Stored items
= = = = = = =

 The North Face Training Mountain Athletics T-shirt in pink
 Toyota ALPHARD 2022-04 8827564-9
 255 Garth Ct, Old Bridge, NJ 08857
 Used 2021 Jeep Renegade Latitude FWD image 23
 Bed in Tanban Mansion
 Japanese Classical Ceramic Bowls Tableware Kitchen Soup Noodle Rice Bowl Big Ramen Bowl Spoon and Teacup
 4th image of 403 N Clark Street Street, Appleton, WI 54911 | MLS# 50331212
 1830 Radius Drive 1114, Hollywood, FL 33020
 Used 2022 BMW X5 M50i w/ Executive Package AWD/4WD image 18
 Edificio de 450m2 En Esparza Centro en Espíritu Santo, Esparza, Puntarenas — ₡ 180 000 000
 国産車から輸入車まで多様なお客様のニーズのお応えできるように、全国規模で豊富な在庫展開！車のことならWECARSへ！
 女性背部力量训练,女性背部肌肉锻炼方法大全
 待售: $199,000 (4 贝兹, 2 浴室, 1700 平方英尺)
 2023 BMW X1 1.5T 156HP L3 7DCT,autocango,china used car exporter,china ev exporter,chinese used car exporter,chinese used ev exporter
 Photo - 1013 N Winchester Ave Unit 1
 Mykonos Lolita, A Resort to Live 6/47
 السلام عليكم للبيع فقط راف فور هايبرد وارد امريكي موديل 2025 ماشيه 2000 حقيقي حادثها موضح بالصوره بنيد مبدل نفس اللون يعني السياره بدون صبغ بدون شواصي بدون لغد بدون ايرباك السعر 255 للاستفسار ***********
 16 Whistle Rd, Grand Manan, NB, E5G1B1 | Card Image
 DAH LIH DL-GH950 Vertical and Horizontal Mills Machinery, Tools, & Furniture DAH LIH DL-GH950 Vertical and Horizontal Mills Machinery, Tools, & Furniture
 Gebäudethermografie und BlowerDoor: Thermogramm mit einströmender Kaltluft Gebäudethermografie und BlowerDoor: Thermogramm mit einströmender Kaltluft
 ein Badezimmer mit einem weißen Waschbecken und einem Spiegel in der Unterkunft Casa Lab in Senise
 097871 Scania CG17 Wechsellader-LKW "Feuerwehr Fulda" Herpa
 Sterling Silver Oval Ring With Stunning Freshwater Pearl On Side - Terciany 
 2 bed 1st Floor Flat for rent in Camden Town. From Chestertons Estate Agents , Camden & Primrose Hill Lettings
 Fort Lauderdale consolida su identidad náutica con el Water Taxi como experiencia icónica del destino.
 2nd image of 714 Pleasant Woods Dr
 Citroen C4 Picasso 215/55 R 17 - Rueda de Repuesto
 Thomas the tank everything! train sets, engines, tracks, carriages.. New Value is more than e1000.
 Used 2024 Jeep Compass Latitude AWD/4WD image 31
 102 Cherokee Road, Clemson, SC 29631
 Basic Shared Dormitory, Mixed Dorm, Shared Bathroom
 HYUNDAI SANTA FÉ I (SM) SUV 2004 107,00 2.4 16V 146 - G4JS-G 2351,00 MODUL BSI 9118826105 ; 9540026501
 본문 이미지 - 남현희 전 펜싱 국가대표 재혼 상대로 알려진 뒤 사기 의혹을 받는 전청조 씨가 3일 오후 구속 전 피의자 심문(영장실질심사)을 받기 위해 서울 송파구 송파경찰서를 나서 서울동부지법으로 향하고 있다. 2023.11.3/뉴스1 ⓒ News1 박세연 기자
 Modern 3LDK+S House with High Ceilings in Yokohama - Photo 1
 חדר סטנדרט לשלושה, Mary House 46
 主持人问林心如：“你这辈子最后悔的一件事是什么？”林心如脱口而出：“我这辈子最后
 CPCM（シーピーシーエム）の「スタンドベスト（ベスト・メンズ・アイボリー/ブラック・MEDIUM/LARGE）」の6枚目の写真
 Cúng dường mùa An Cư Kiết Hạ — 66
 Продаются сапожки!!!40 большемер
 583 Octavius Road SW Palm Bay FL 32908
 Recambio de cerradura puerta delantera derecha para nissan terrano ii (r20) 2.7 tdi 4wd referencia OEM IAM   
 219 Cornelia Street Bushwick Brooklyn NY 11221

= = = = = = =

#### ABOUT THIS EXERCISE
Give back every entry, word for word.

#### RESPONSE TO THIS TASK
 The North Face Training Mountain Athletics T-shirt in pink
 Toyota ALPHARD 2022-04 8827564-9
 255 Garth Ct, Old Bridge, NJ 08857
 Used 2021 Jeep Renegade Latitude FWD image 23
 Bed in Tanban Mansion
 Japanese Classical Ceramic Bowls Tableware Kitchen Soup Noodle Rice Bowl Big Ramen Bowl Spoon and Teacup
 4th image of 403 N Clark Street Street, Appleton, WI 54911 | MLS# 50331212
 1830 Radius Drive 1114, Hollywood, FL 33020
 Used 2022 BMW X5 M50i w/ Executive Package AWD/4WD image 18
 Edificio de 450m2 En Esparza Centro en Espíritu Santo, Esparza, Puntarenas — ₡ 180 000 000
 国産車から輸入車まで多様なお客様のニーズのお応えできるように、全国規模で豊富な在庫展開！車のことならWECARSへ！
 女性背部力量训练,女性背部肌肉锻炼方法大全
 待售: $199,000 (4 贝兹, 2 浴室, 1700 平方英尺)
 2023 BMW X1 1.5T 156HP L3 7DCT,autocango,china used car exporter,china ev exporter,chinese used car exporter,chinese used ev exporter
 Photo - 1013 N Winchester Ave Unit 1
 Mykonos Lolita, A Resort to Live 6/47
 السلام عليكم للبيع فقط راف فور هايبرد وارد امريكي موديل 2025 ماشيه 2000 حقيقي حادثها موضح بالصوره بنيد مبدل نفس اللون يعني السياره بدون صبغ بدون شواصي بدون لغد بدون ايرباك السعر 255 للاستفسار ***********
 16 Whistle Rd, Grand Manan, NB, E5G1B1 | Card Image
 DAH LIH DL-GH950 Vertical and Horizontal Mills Machinery, Tools, & Furniture DAH LIH DL-GH950 Vertical and Horizontal Mills Machinery, Tools, & Furniture
 Gebäudethermografie und BlowerDoor: Thermogramm mit einströmender Kaltluft Gebäudethermografie und BlowerDoor: Thermogramm mit einströmender Kaltluft
 ein Badezimmer mit einem weißen Waschbecken und einem Spiegel in der Unterkunft Casa Lab in Senise
 097871 Scania CG17 Wechsellader-LKW "Feuerwehr Fulda" Herpa
 Sterling Silver Oval Ring With Stunning Freshwater Pearl On Side - Terciany 
 2 bed 1st Floor Flat for rent in Camden Town. From Chestertons Estate Agents , Camden & Primrose Hill Lettings
 Fort Lauderdale consolida su identidad náutica con el Water Taxi como experiencia icónica del destino.
 2nd image of 714 Pleasant Woods Dr
 Citroen C4 Picasso 215/55 R 17 - Rueda de Repuesto
 Thomas the tank everything! train sets, engines, tracks, carriages.. New Value is more than e1000.
 Used 2024 Jeep Compass Latitude AWD/4WD image 31
 102 Cherokee Road, Clemson, SC 29631
 Basic Shared Dormitory, Mixed Dorm, Shared Bathroom
 HYUNDAI SANTA FÉ I (SM) SUV 2004 107,00 2.4 16V 146 - G4JS-G 2351,00 MODUL BSI 9118826105 ; 9540026501
 본문 이미지 - 남현희 전 펜싱 국가대표 재혼 상대로 알려진 뒤 사기 의혹을 받는 전청조 씨가 3일 오후 구속 전 피의자 심문(영장실질심사)을 받기 위해 서울 송파구 송파경찰서를 나서 서울동부지법으로 향하고 있다. 2023.11.3/뉴스1 ⓒ News1 박세연 기자
 Modern 3LDK+S House with High Ceilings in Yokohama - Photo 1
 חדר סטנדרט לשלושה, Mary House 46
 主持人问林心如：“你这辈子最后悔的一件事是什么？”林心如脱口而出：“我这辈子最后
 CPCM（シーピーシーエム）の「スタンドベスト（ベスト・メンズ・アイボリー/ブラック・MEDIUM/LARGE）」の6枚目の写真
 Cúng dường mùa An Cư Kiết Hạ — 66
 Продаются сапожки!!!40 большемер
 583 Octavius Road SW Palm Bay FL 32908
 Recambio de cerradura puerta delantera derecha para nissan terrano ii (r20) 2.7 tdi 4wd referencia OEM IAM   
 219 Cornelia Street Bushwick Brooklyn NY 11221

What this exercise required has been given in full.